■ Supplied data ■
────────
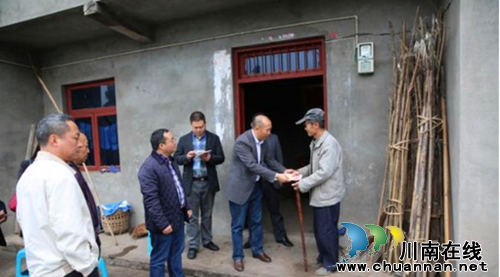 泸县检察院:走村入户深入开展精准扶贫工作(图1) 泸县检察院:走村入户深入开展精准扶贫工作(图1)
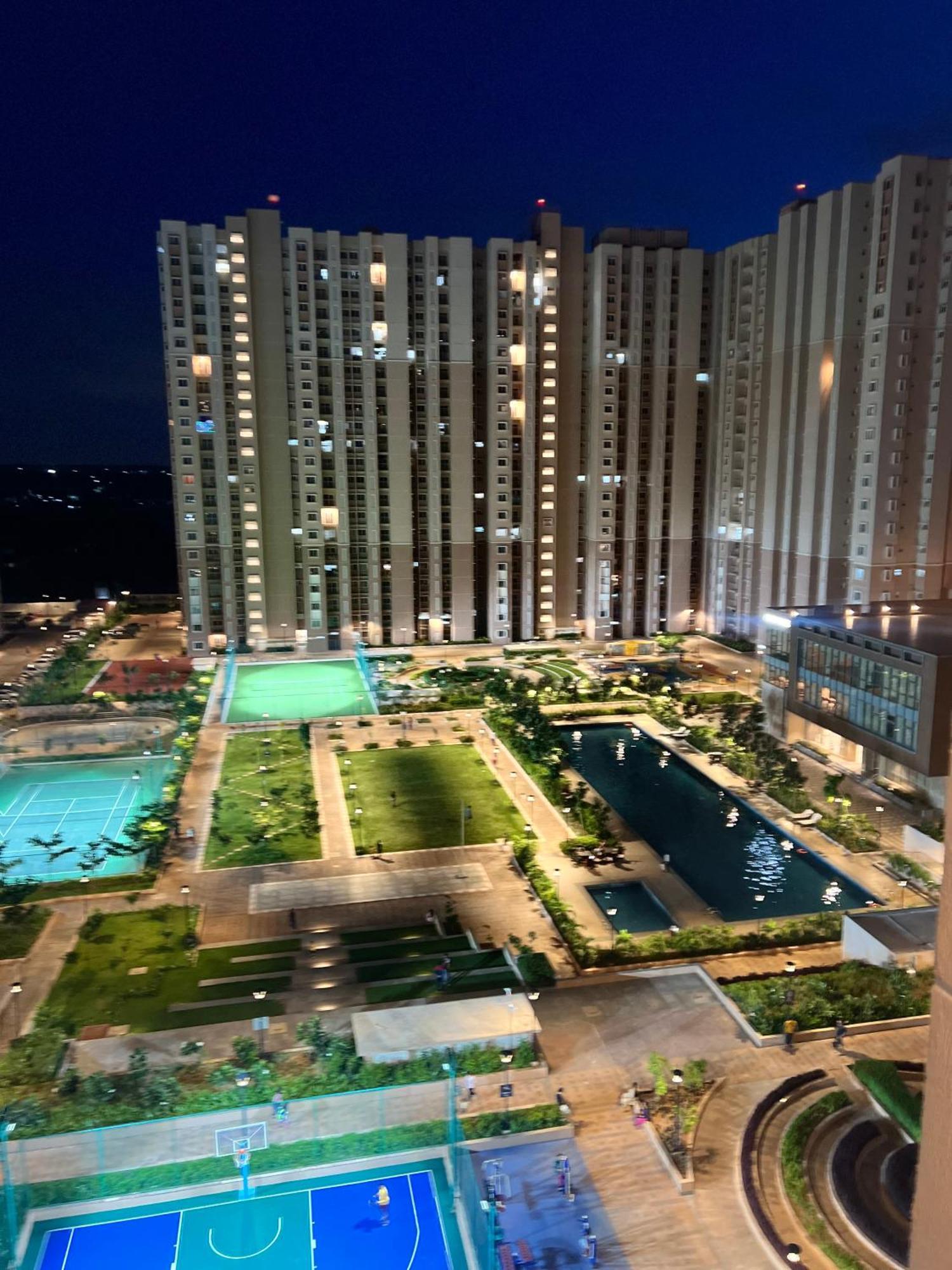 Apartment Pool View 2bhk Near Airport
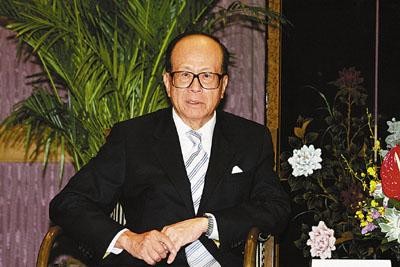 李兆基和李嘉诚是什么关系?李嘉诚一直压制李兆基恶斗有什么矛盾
────────
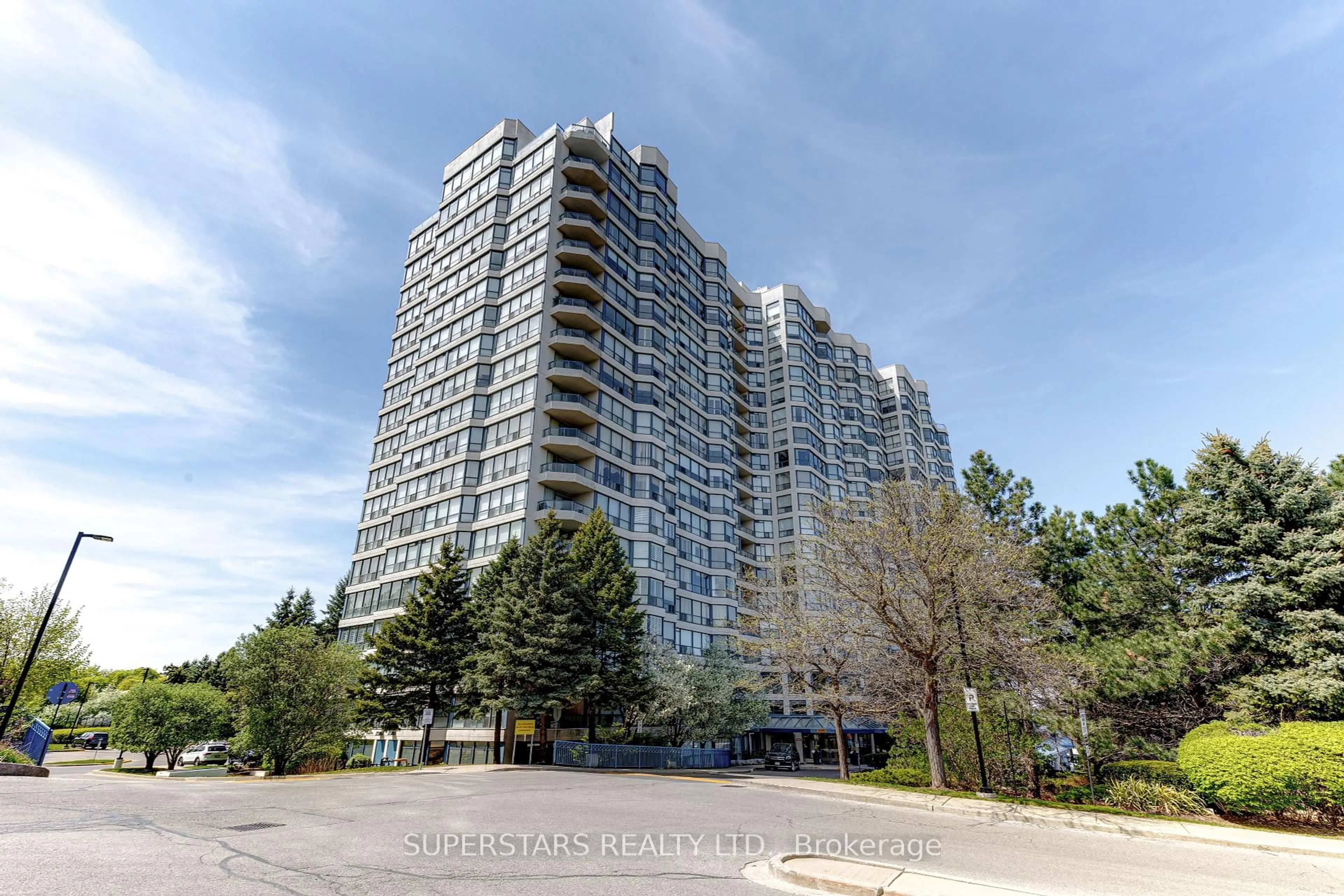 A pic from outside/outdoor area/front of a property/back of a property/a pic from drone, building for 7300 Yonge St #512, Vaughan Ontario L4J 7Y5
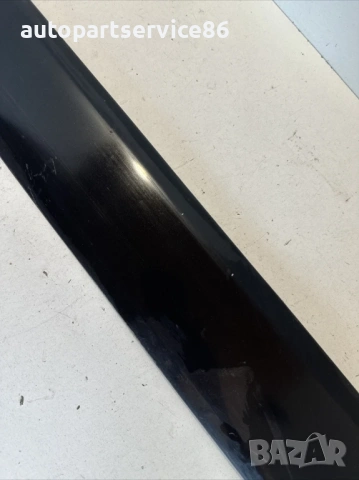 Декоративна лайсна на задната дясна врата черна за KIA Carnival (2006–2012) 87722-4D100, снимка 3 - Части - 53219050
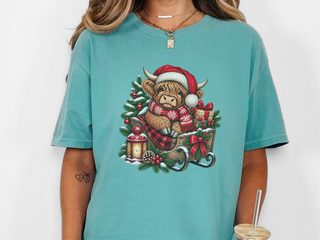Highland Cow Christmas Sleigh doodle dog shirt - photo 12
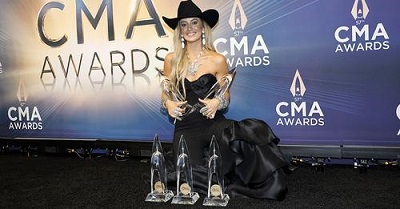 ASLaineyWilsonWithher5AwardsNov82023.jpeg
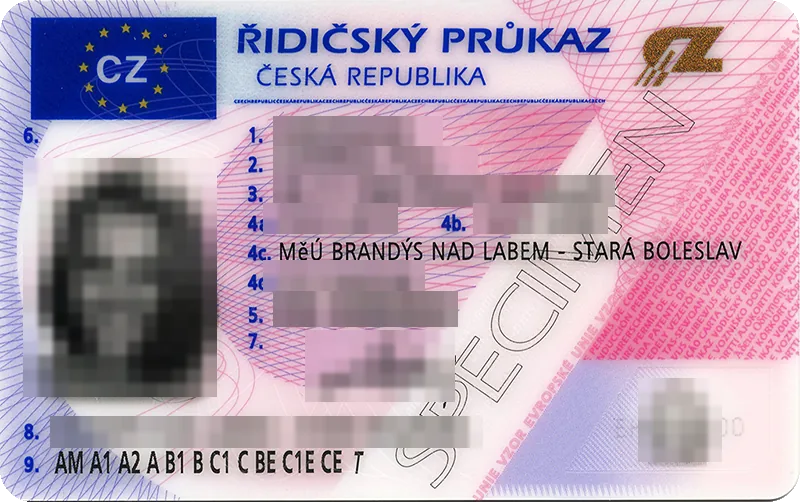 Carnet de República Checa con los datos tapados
────────
■ What is expected ■
Using the listing above, repeat word for word each line from the one with "泸县检察院:走村入户深入开展精准扶贫工作(图1) 泸县检" down to the one with "李兆基和李嘉诚是什么关系?李嘉诚一直压制李兆基恶斗有什么矛盾", both included. Omit all pictures.

■ Response for this exercise ■
 泸县检察院:走村入户深入开展精准扶贫工作(图1) 泸县检察院:走村入户深入开展精准扶贫工作(图1)
 Apartment Pool View 2bhk Near Airport
 李兆基和李嘉诚是什么关系?李嘉诚一直压制李兆基恶斗有什么矛盾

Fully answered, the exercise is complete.